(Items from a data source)
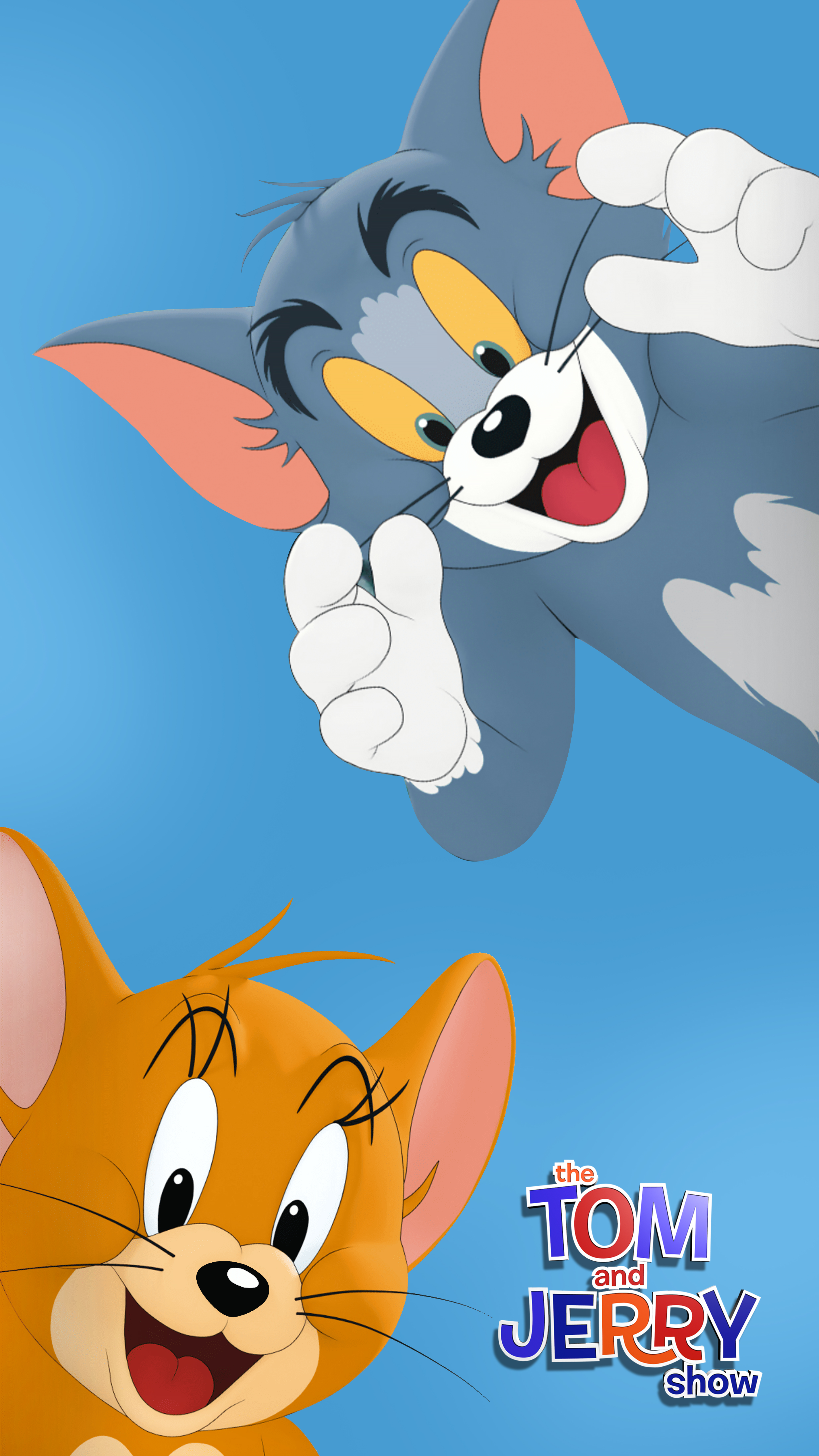 Detail Background Tom And Jerry Nomer 45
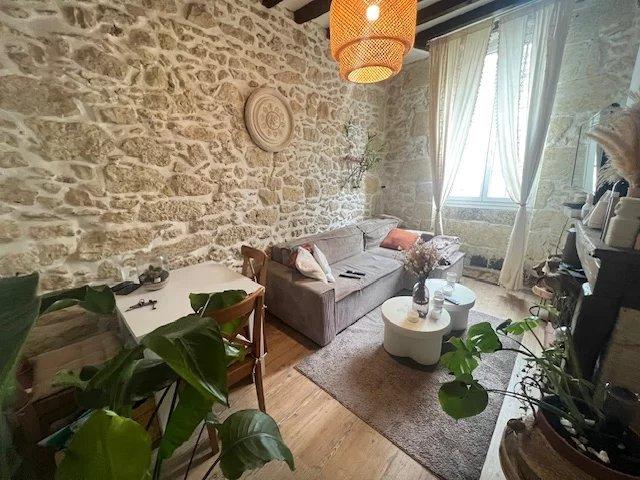 Maison de ville - 67 m² - 3 pièces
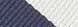 SILVER/NAVY STR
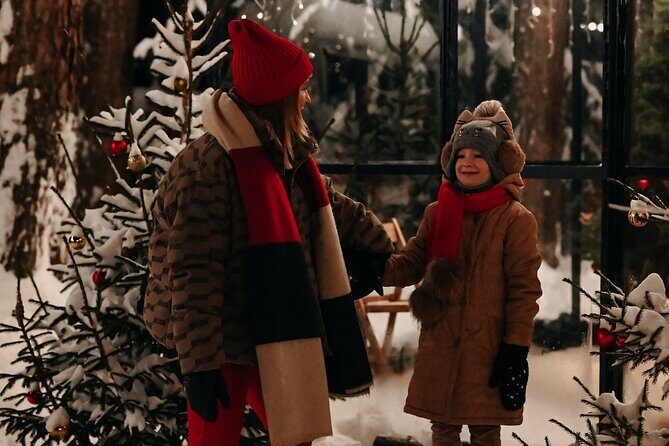 A Bostonian Christmas Tour - Practical Details & What to Expect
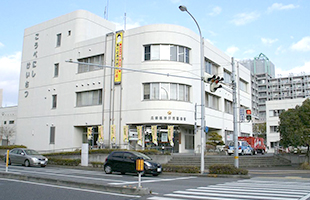 神戸西警察署庁舎空調設備改修工事 施工実績001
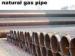 GB/T 9711.3 / EN 10217 Spiral Welded Mid Carbon Steel Pipe For Shipbuilding , Bridging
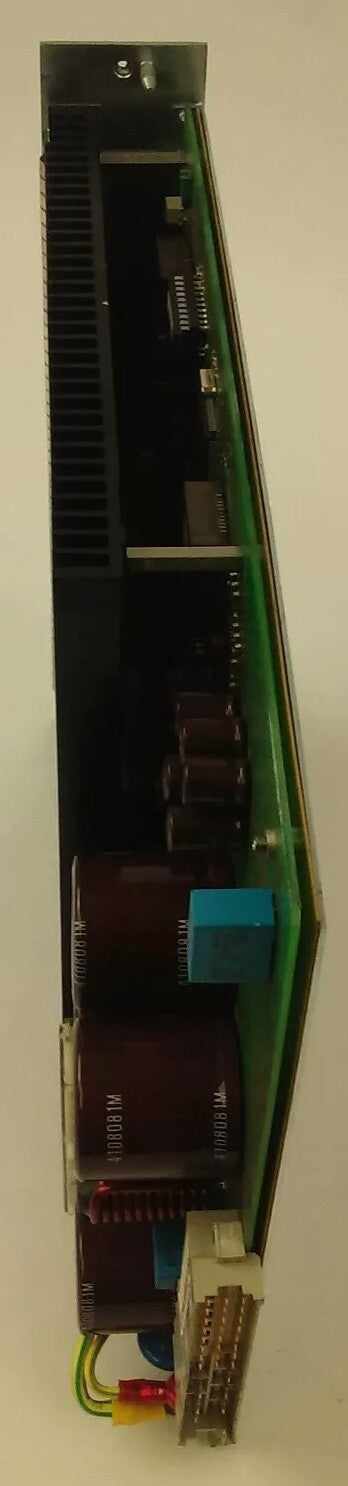 REXROTH 0 608 750 085 POWER SUPPLY MODULE LT304, 330V, 7A, 1 607 501 696 D6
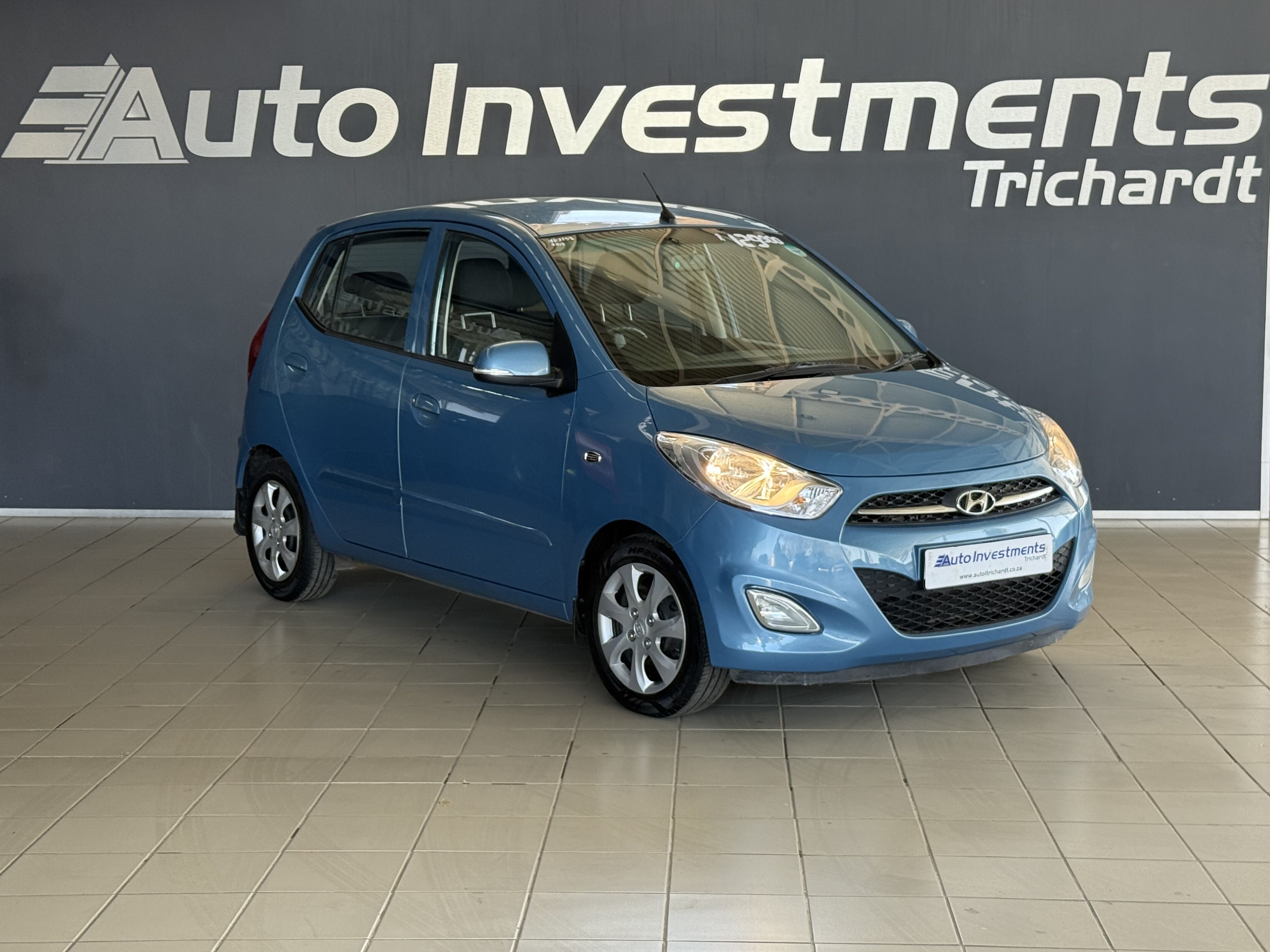 HYUNDAI I10 1,1 MAN MOTION I10 1,1 MAN MOTION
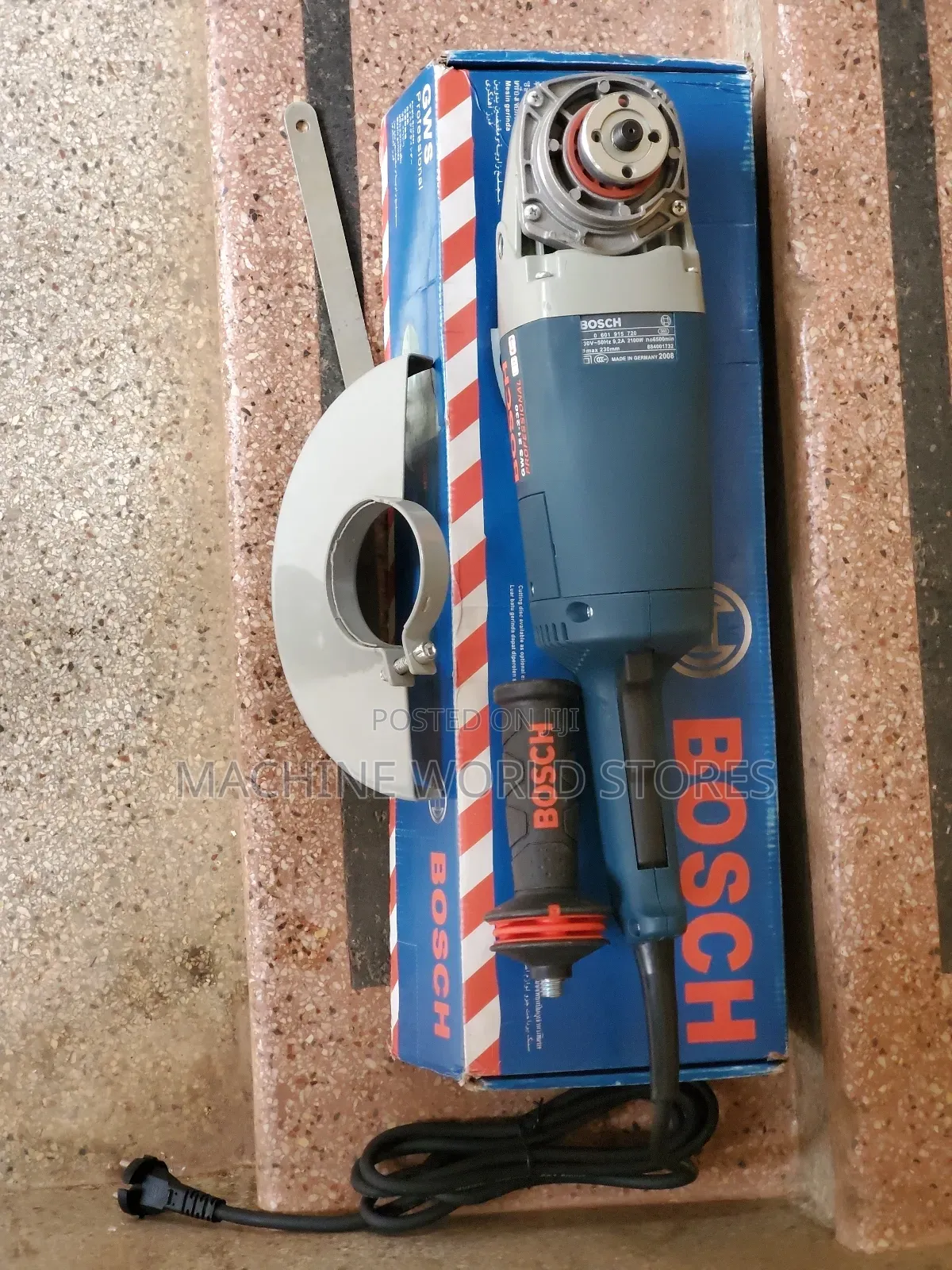 Bosch Grinder 9”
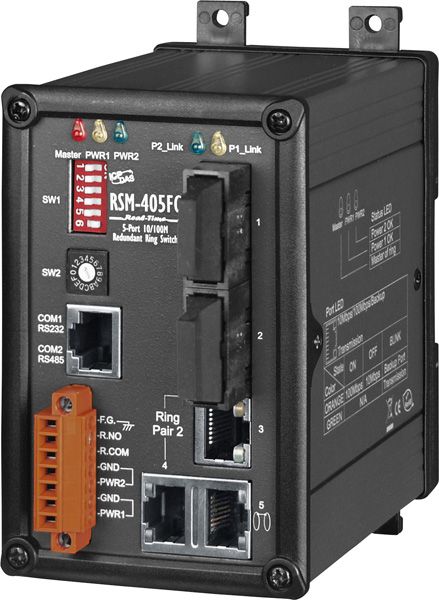 Коммутатор RSM-405FC CR 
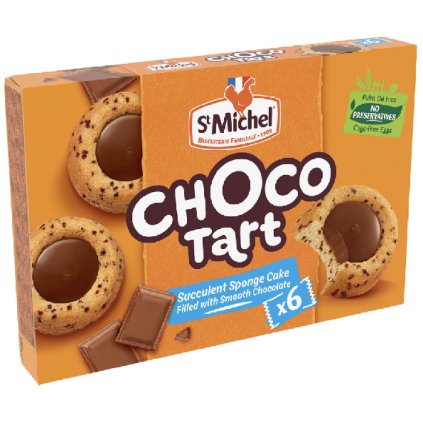St.Michel Choco Tart 180 g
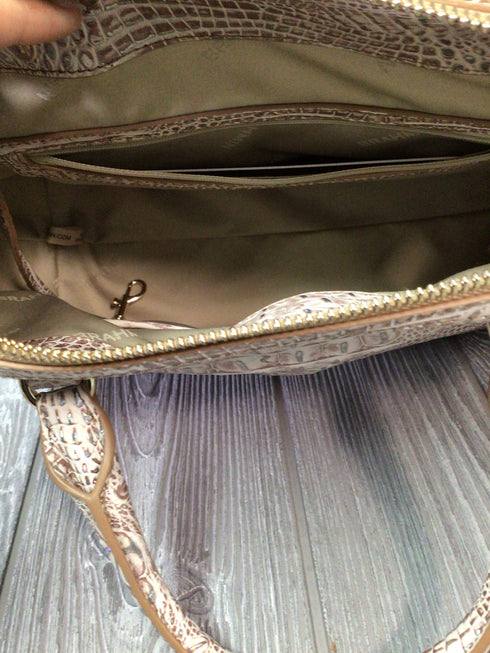 Brahmin Micaela Brich Mini Melbourne Leather Purse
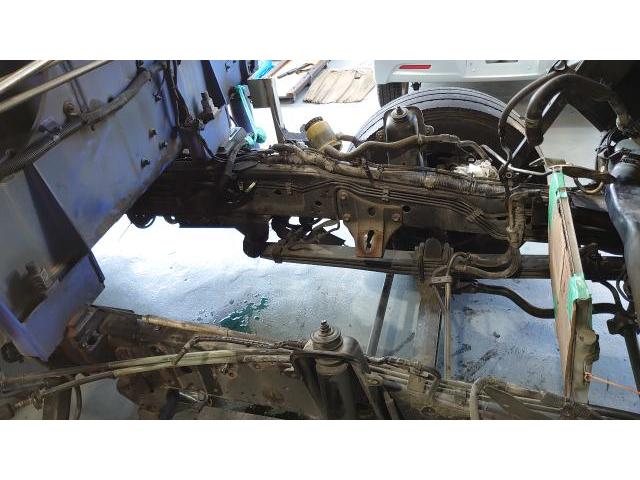 デュトロ　エンジン載せ替え　オーバーヒート　日野　藤井寺　羽曳野　富田林　柏原　トラック大歓迎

**Description of the task:** Repeat all the records above exactly, leaving out any pictures.

**Expected answer:**
 Detail Background Tom And Jerry Nomer 45
 Maison de ville - 67 m² - 3 pièces
 SILVER/NAVY STR
 A Bostonian Christmas Tour - Practical Details & What to Expect
 神戸西警察署庁舎空調設備改修工事 施工実績001
 GB/T 9711.3 / EN 10217 Spiral Welded Mid Carbon Steel Pipe For Shipbuilding , Bridging
 REXROTH 0 608 750 085 POWER SUPPLY MODULE LT304, 330V, 7A, 1 607 501 696 D6
 HYUNDAI I10 1,1 MAN MOTION I10 1,1 MAN MOTION
 Bosch Grinder 9”
 Коммутатор RSM-405FC CR 
St.Michel Choco Tart 180 g
 Brahmin Micaela Brich Mini Melbourne Leather Purse
 デュトロ　エンジン載せ替え　オーバーヒート　日野　藤井寺　羽曳野　富田林　柏原　トラック大歓迎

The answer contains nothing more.